* **PROMPT**: Return, exactly as written, the line containing "Syntech USB - USB" and every line after it to the end of the records below, with no pictures.

* **Source records**:
BEGIN

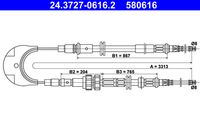 ATE 580616 - Lado de montaje: posterior<br>Tipo de freno: Tambor<br>Long. 4 [mm]: 867<br>Peso [kg]: 0,96<br>Longitud 1 [mm]: 3313<br>Long. 3 [mm]: 969<br>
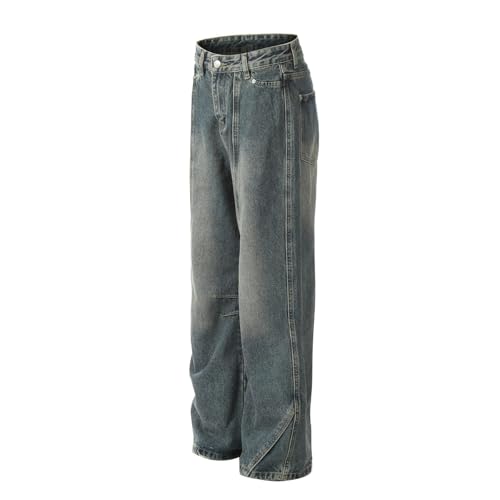 Jeans Pants Trouser Denim Retro Trendy Street Irregular Commuter Washed Blue Straight Leg for Men4
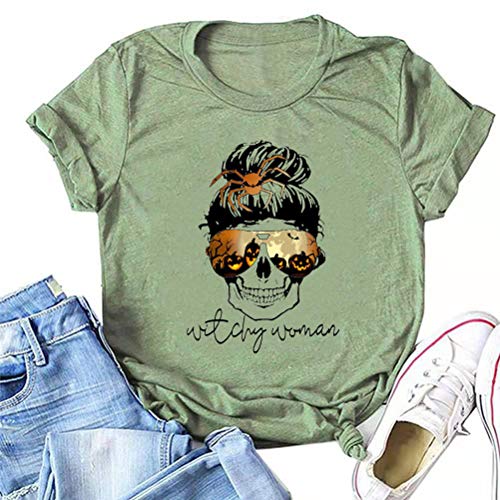 Witchy Woman T-Shirt Skull Halloween Shirt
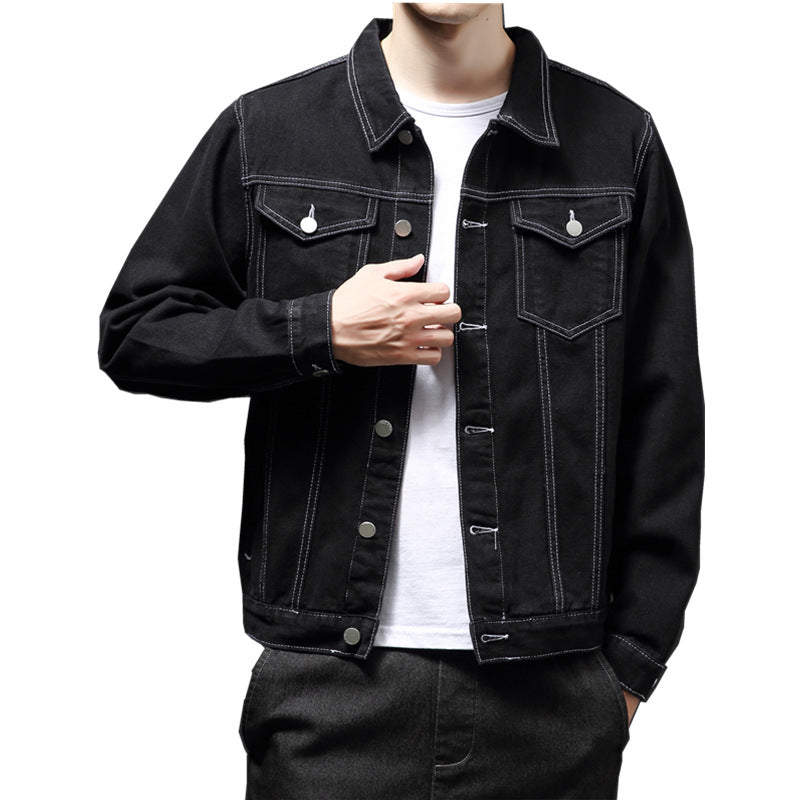 Spring And Autumn New Denim Jacket Men's Tide Brand Autumn And Winter Top Korean Trend Black Casual Autumn Jacket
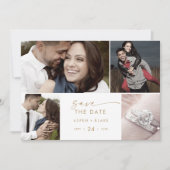 金ゴールドモダンスクリプト4フォトコラージュ日付の保存 セーブザデート (正面)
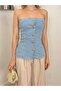Women's Blue Strapless Denim Look Slim Fit Blouse with Agrafl Stitching Detail - 4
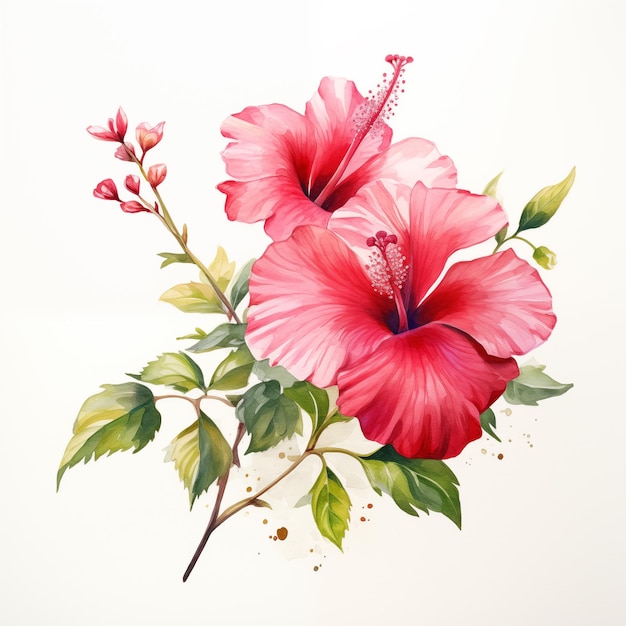 Bellissimo disegno ad acquerello di fiore di ibisco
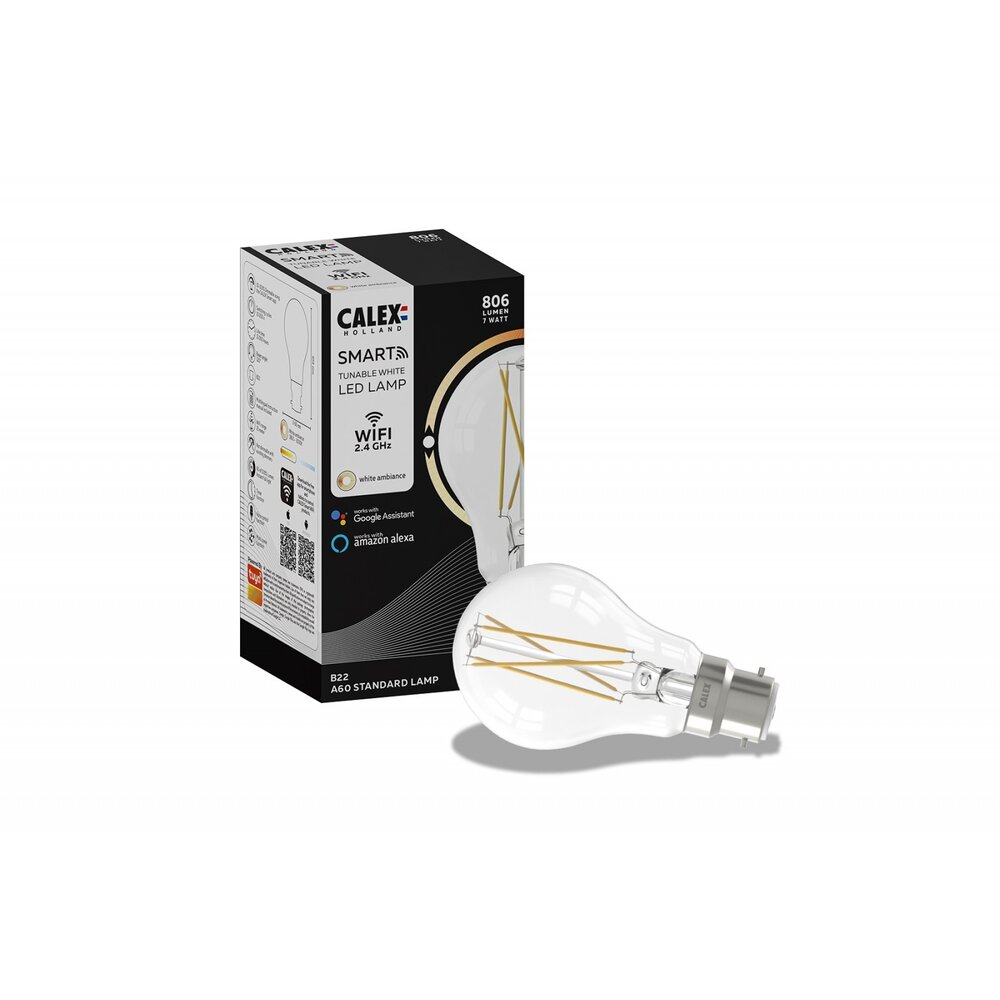 Calex Calex Smart Lamp - B22 - 7W - 806 Lumen - 1800K - 3000K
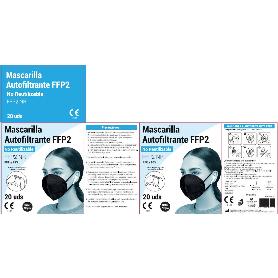 MASCARILLA FFP2 NEGRA PLEGABLE ENVASADAS INDIVIDUALMENTE (CAJA 20 UNIDADES)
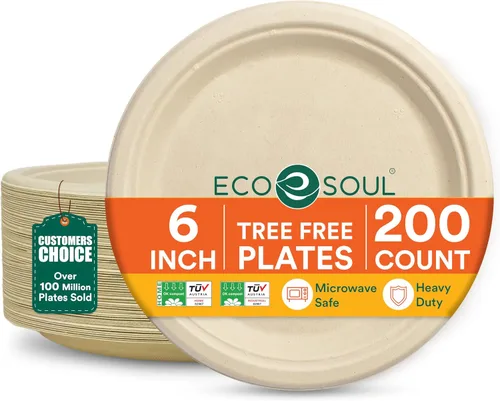 Vista 35 de ECO SOUL - Platos de papel compostables de 9 pulgadas (paquete de 200) biodegradables, resistentes, desechables, ecológicos para cena de Navidad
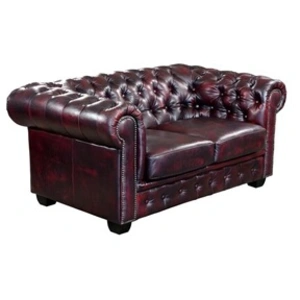Comparateur de prix : Linéa Sofa Canapé fixe chesterfield 2 places BRENTON en cuir de buffle - Marron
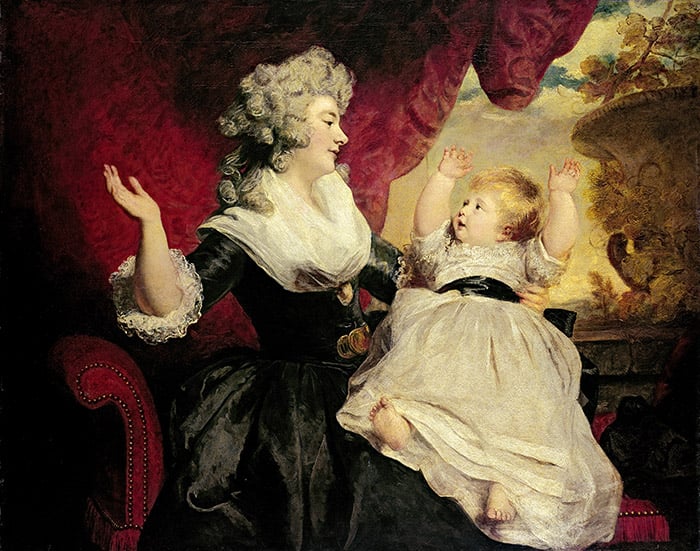 Georgiana, Duchess of Devonshire with her infant daughter Lady Georgiana Cavendish by Sir Joshua Reynolds (1723-92) Chatsworth House © Devonshire Collection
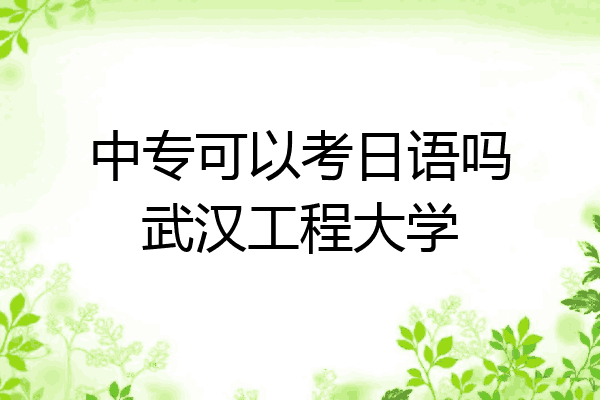 中专可以考日语吗武汉工程大学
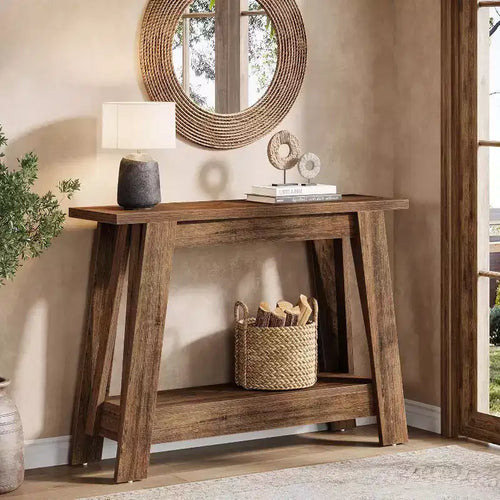 41.3 Tavolo Console in Legno, Tavolo da Ingresso a 2 Livelli con Ripiano, Tavolo da Divano Dietro al Divano per Soggiorno, Corridoio, Ingresso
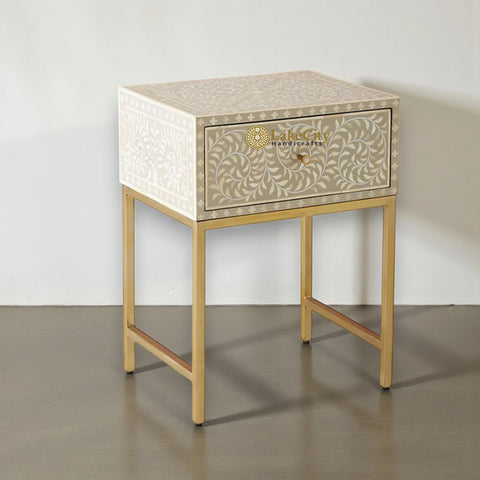 Bone Inlay Scroll-vine Design Nightstand Table Grey | Bone Inlay Scroll-vine Design Bedside Table Grey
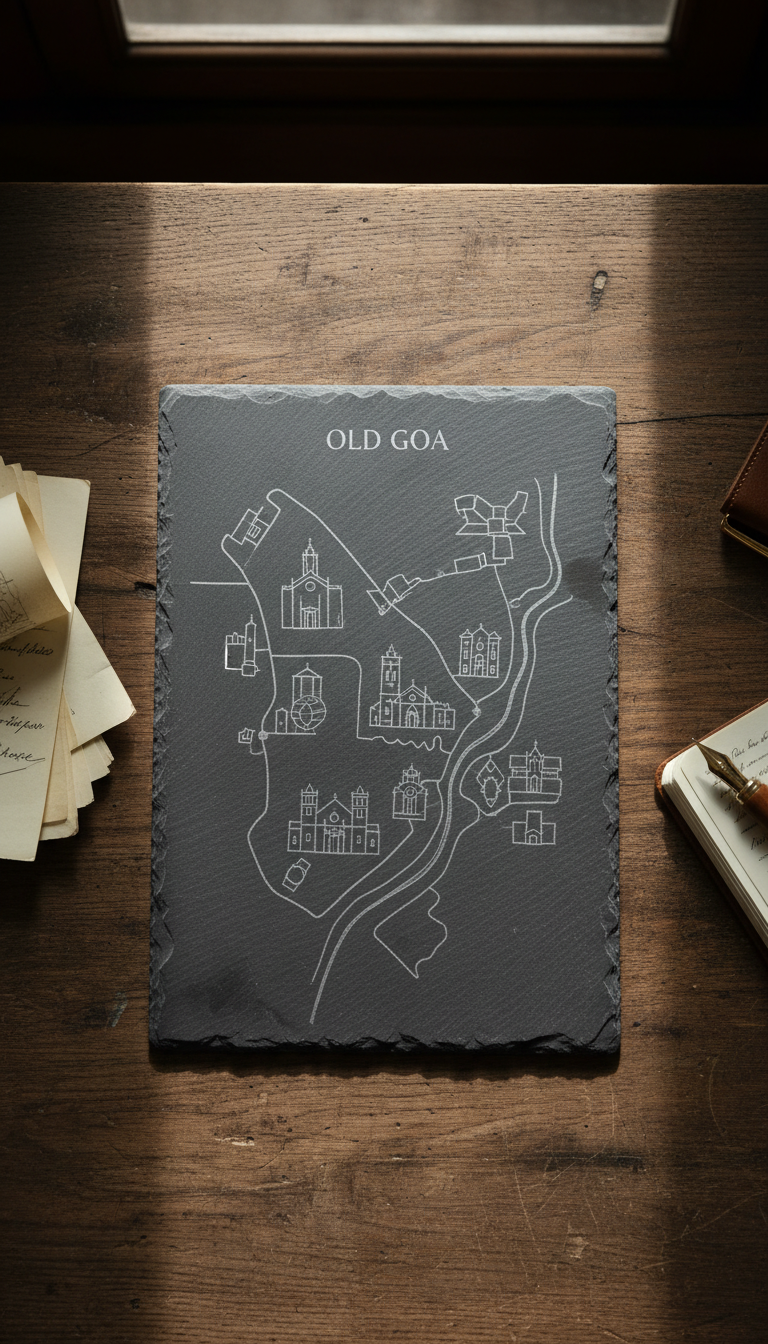 A minimalist map illustration etched into a smooth, brushed slate tablet, featuring delicately traced historical landmarks of Old Goa. The tablet is situated on a weathered wooden table, with vintage paper notes and a subtle ink pen nearby, all partially visible at the frame edges. Soft, diffused afternoon light from a nearby window highlights the fine engraving and produces gentle, minimalist shadows. The mood is refined and intellectual, inviting exploration. Captured from a top-down, bird's-eye view with centralized composition, the image presents a highly detailed and elegant photographic realism, underscoring the site’s curated, sophisticated approach to storytelling.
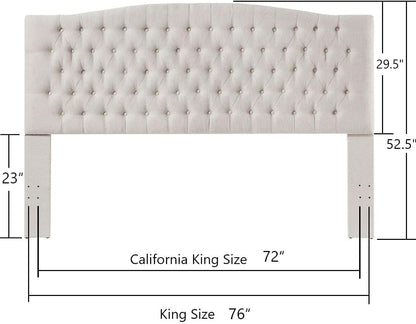 Upholstered Tufted Button Linen Fabric Headboard,Comfortable Fashional Headboard King/Ca King Size,Ivory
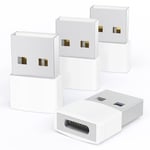Syntech USB - USB C Adaptörü 4 Paket, Tip C Dişi - USB Erkek Dönüştürücü Güç Şarj Kablosu Adaptörü MagSafe Apple Watch Serisi 10/SE/Ultra 2 iPhone 17 E Air Pro Max AirPods Pro ile Uyumlu, Beyaz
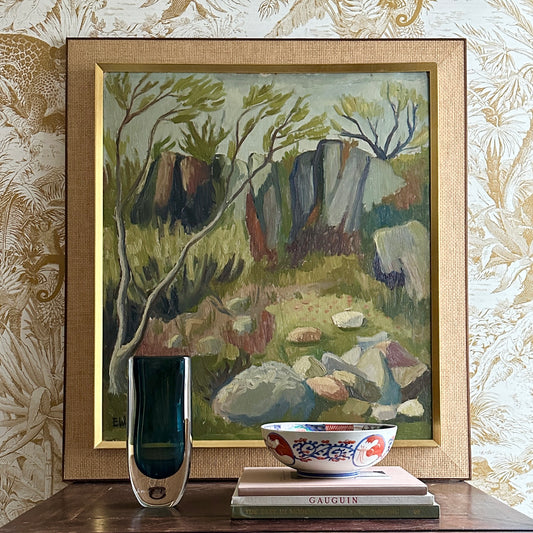 Swedish Mid Century Vintage Art Landscape Oil Painting 1944
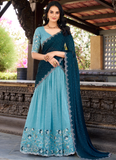 Trending Sky Blue Thread Embroidery Work Silk Lehenga Choli For Women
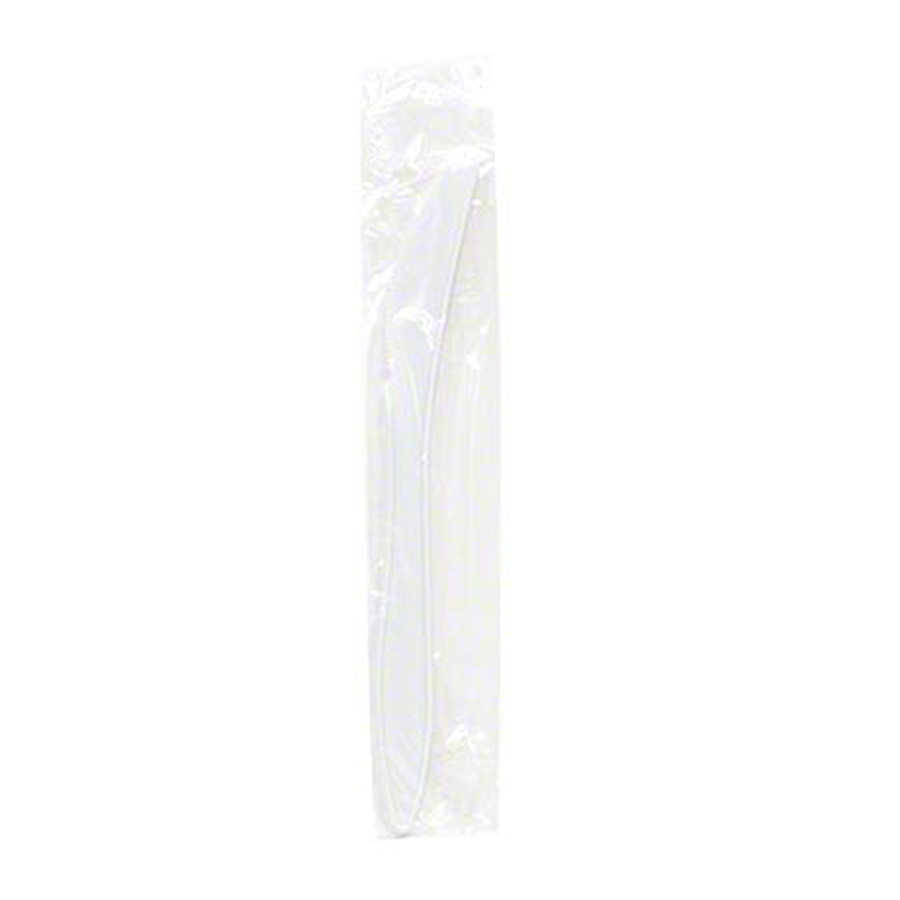 Plastic Knife Wrapped Medium White 1000/cs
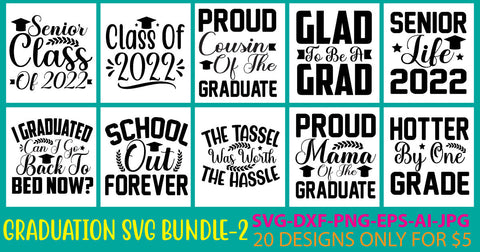 Graduation Svg Bundle Vol. 2 SVG Syaman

END

* **EXERCISE RESULT**:
Syntech USB - USB C Adaptörü 4 Paket, Tip C Dişi - USB Erkek Dönüştürücü Güç Şarj Kablosu Adaptörü MagSafe Apple Watch Serisi 10/SE/Ultra 2 iPhone 17 E Air Pro Max AirPods Pro ile Uyumlu, Beyaz
 Swedish Mid Century Vintage Art Landscape Oil Painting 1944
 Trending Sky Blue Thread Embroidery Work Silk Lehenga Choli For Women
 Plastic Knife Wrapped Medium White 1000/cs
 Graduation Svg Bundle Vol. 2 SVG Syaman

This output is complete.